Лермонтов для Набокова - молодой силач, которому все удается: начинает с “Бородино”, в прозе создает один из лучших русских романов, в драме - новаторский “Маскарад”, а уж о лирике говорить не приходится, она полна бури юношеских сил, диалектики романтических страстей и в то же время подлинной поэтической философии, здесь нет ничего общего с “оптическо-аптекарско-химическо-анатомическим налетом”, так восхищавшим автора “Дара” в пунктирно-сухощавой поэзии В.Ф.Ходасевича. А лирика самого Набокова с лермонтовской попросту несопоставима, у него есть, конечно, отдельные хорошие стихотворения, но у их непредвзятого, знакомого с набоковской прозой читателя в конце концов возникают неясные сомнения: полно, да лирика ли это, действительно ли автор поэтически исповедался, высказал здесь свою душу? И есть ли здесь душа?

У Набокова всегда чего-то не хватает, и эти недостачи он стремится заместить мнимыми достоинствами. Вот автор рассказывает в интервью о своем романе “Подвиг”:“Вещь эта - о преодолении страха, о триумфе и блаженстве этого подвига”44. Но никакого подвига в книге нет, зато имеются мечтания и чувствования интернационального юноши Мартына Эдельвейса, отрешенно скитавшегося по Крыму, Англии, Франции, Германии, Швейцарии и стремившегося заполнить душевную пустоту студенческими влюбленностями, игрой в футбол и теннис, катанием на лодках, скалолазанием. Есть великолепные стилистические красоты вроде “наповал убитого чулка”, брошенного в комнате убежавшей на бал девушкой, и традиционно красивые набоковские фразы типа “В туннеле листвы дрожал на плоских камнях ручей”. Нет реального, достоверного действия и живых характеров. Предполагаемая гибель главного героя при переходе советской границы - не подвиг, а лужинский прыжок из окна от мучительной, чужой, донимающей его своими банальностями и прозой реальности. Жизнь вытесняет молодого мечтателя в смерть – “вечная” тема мировой литературы, но никакого подвига в этом нет. Подвиг - это деяние, решительный, самозабвенный поступок. А автор говорит о страхе (для него и его героя страх жизни еще сильнее, чем страх смерти), и это слово более подходит для названия набоковского романа.

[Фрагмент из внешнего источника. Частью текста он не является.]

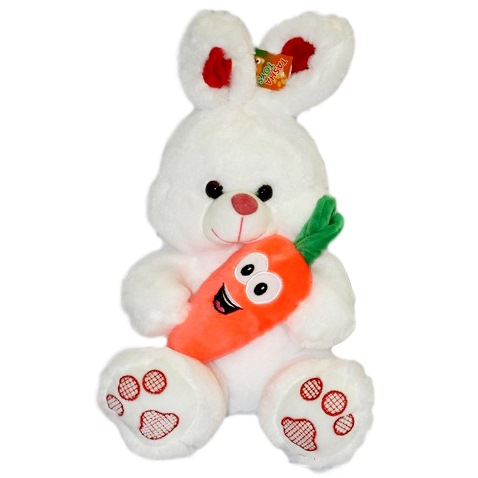 Мягкая игрушка "Заяц с морковкой" (16x27x20 см)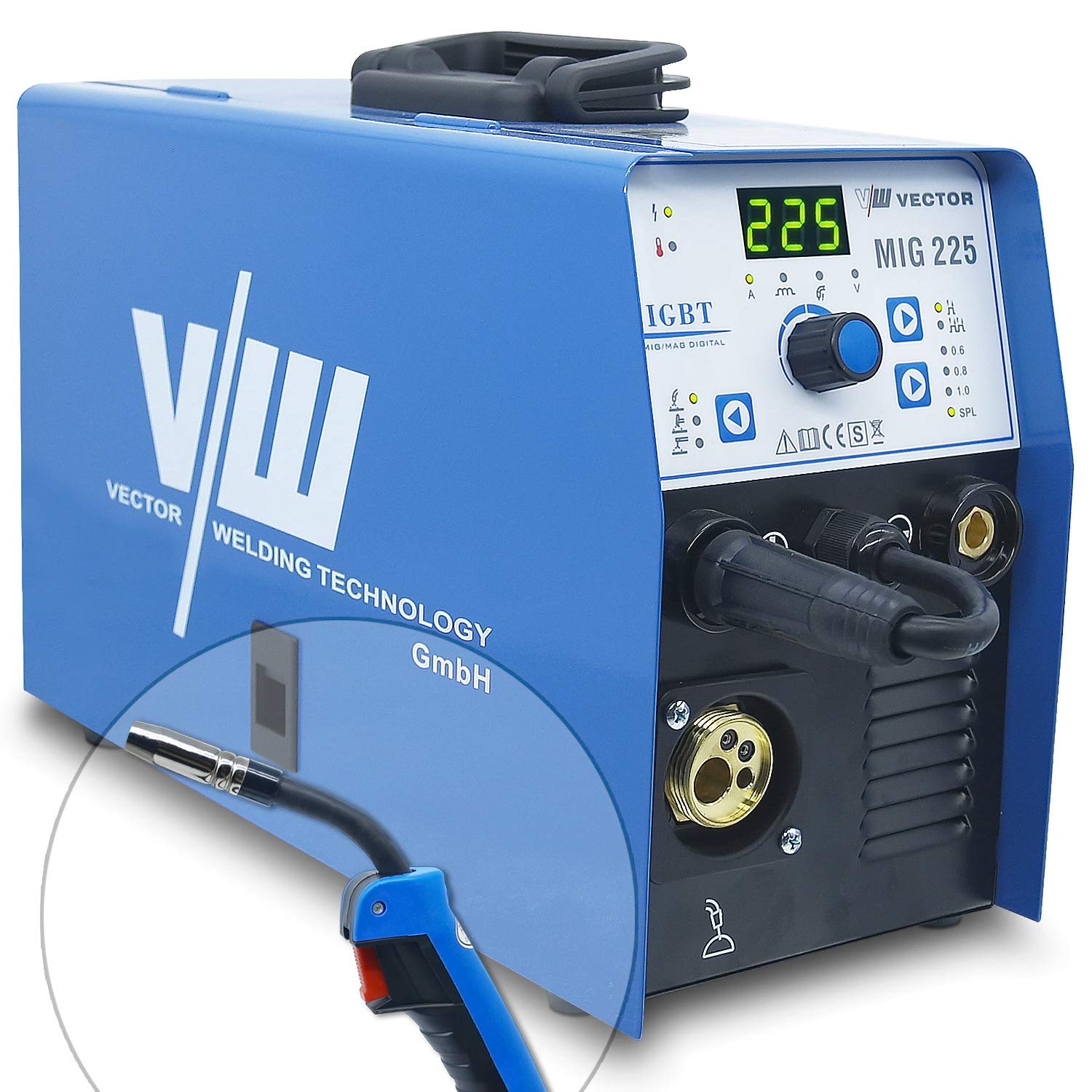 خرید از آمازون - Elektroden Schweißgerät, MIG MAG Schweissgerät 225A mit 2&4 Takt, Inverter Fülldraht Schutzgasschweißgerät, VECTOR WELDING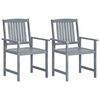 vidaXL Cadeiras jardim 2 pcs madeira de ac&aacute;cia maci&ccedil;a cinzento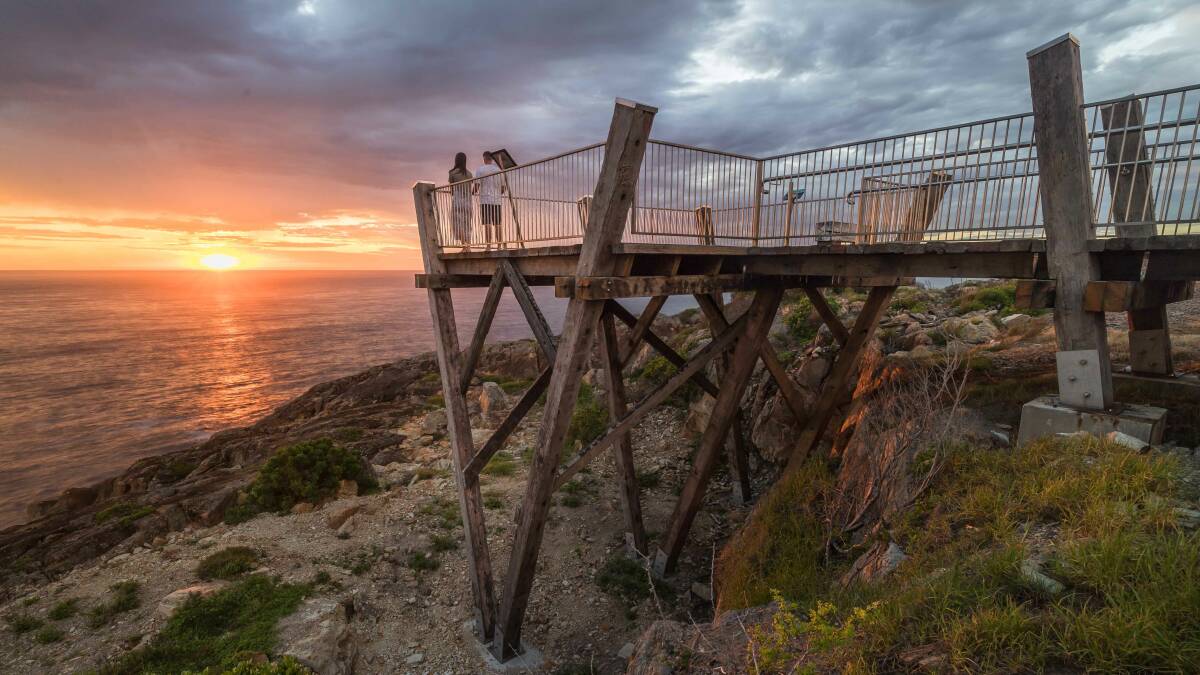 Tathra Headland Walk's accessible lookout at sunrise. Photo: David Rogers Photography 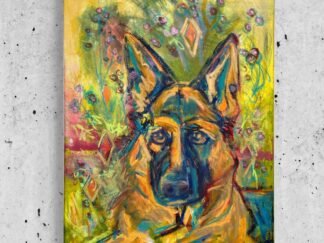 German Shepard portrait on a concrete wall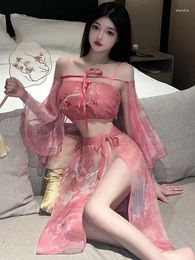 Casual Dresses Sexy Hanfu Ancient Style Uniform Dress Elegant Sweet Mesh Lace Sheer Transparent Pink Korean Women Tops 2024 GY3J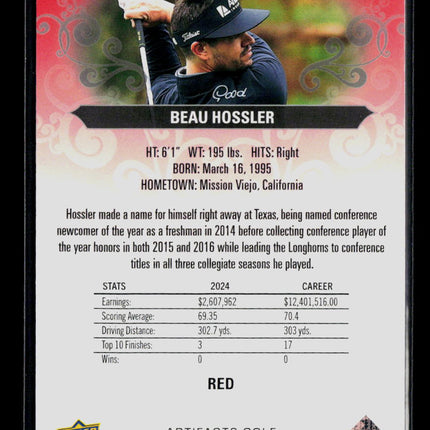 2026 Upper Deck Artifacts Golf Beau Hossler #16 Red 485/499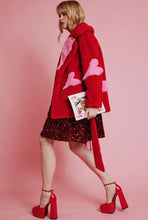 Load image into Gallery viewer, Red &amp; Pink Bamboo Faux Fur Coat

В романе “Дар” Набоков учел опыт “Машеньки” и написал составную книгу, распадающуюся на две неравноценные части. Еще одна попытка “расписать” роман изнутри, усилить сюжет, создать своевременную перебивку для читательского внимания внезапным переходом от одной части к другой... Снова усложнение вместо упрощения… Ганин превратился в поэта Годунова-Чердынцева, обзавелся прекрасными набоковскими стихотворениями, литературной средой, “мастерской слов” (в этом чисто набоковском образе так и видишь келью средневекового ювелира, выпиливающего крохотным лобзиком драгоценное золотое кружево) и книгой о Чернышевском, этим “романом в романе”.

Но главный персонаж так и остался бездеятельным мечтателем, вдохновенным созерцателем мира и человека: “Он находился в том состоянии чувств и души, когда существенность, уступая мечтаниям, сливается с ними в неясных видениях первосонья”. К сожалению, персонажи набоковской прозы остаются в этом состоянии долго. Как можно при таком психологическом складе и настроении писать книгу о Чернышевском – не ясно…

И вдруг в эту украшенную экзотическими скитаниями отца героя историю, провисающую от длиннот и бездействия, врывается написанная не просто с блеском, но с энергией искренней злобы и презрения и великолепным знанием и пониманием литературного материала биография Н.Г.Чернышевского. Чтобы написать эту коротенькую вещь, автор, по собственному признанию, четыре года работал в Берлинской публичной библиотеке, изучая русскую историю XIX века. По дороге Набоков самим появлением такого сочинения показал подлинную цену суконного советского “чернышевсковедения”, за семьдесят с лишним лет не очень далеко ушедшего от воинственных марксистских штампов Ю.Стеклова. Сам автор требовал воспринимать эту “книгу в книге” как “совершенно отдельное произведение, представляющее самостоятельный интерес”45. Так и надо нам делать. Ибо не Годунов-Чердынцев ее написал…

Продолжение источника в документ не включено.